Document Type : Original Article
Department of Textile Engineering, Amirkabir University of Technology, P.O. Box 15875-4413, Tehran, Iran
Three-layer woven fabrics with two warp and three weft systems are considered as thick fabrics, in which
the third wadded weft yarn group is used to increase the thickness, to color separate two layers, and to
stitch the top and bottom layers. The purpose of this study was to investigate the effect of changing the
weave pattern and the count of wadded weft yarn in the fabric structure on the physical properties of the
fabric including air permeability, thickness and compression energy, thermal resistance and water vapor
permeability. In this research, weft wadded yarns with the fineness of 24/2, 36/2, and 48/2 Nm and weave
structures of “plain-plain”, “twill 2/2- twill 2/2” and “twill 2/2- plain”, in the top and bottom layers, were
used for fabric production. After the production of fabrics, experiments were performed to investigate
the effect of the wadded yarn fineness and the weave structure on the physical properties of the fabrics.
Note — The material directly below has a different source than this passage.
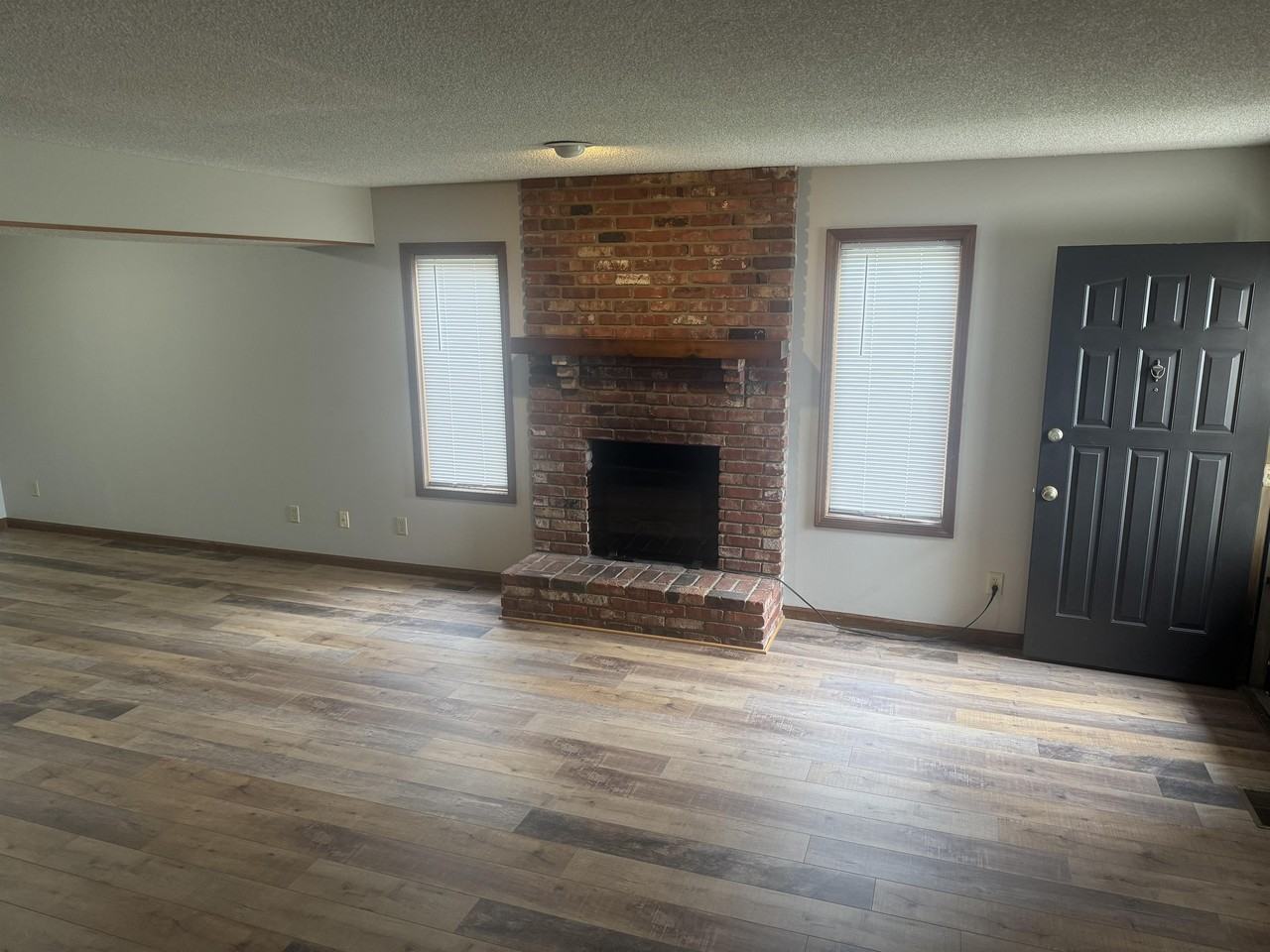 2040 Sw 36th St #1 - Photo 4 of 9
Analysis of the results showed that in comparison of various weave structures, the “plain-plain” had the
highest air permeability and water vapor permeability and the least thickness and heat resistance. “Twilltwill”
showed the maximum thickness and heat resistance and the lowest amount of air permeability
and water vapor permeability. In view of the effect of wadded yarn count, it was found that the 24/2 Nm
yarn had the highest air and water vapor permeability, and the lowest thickness and thermal resistance.
The 48/2 Nm yarn had the maximum thickness and thermal resistance and at the same time exhibited the
minimum air and water vapor permeability.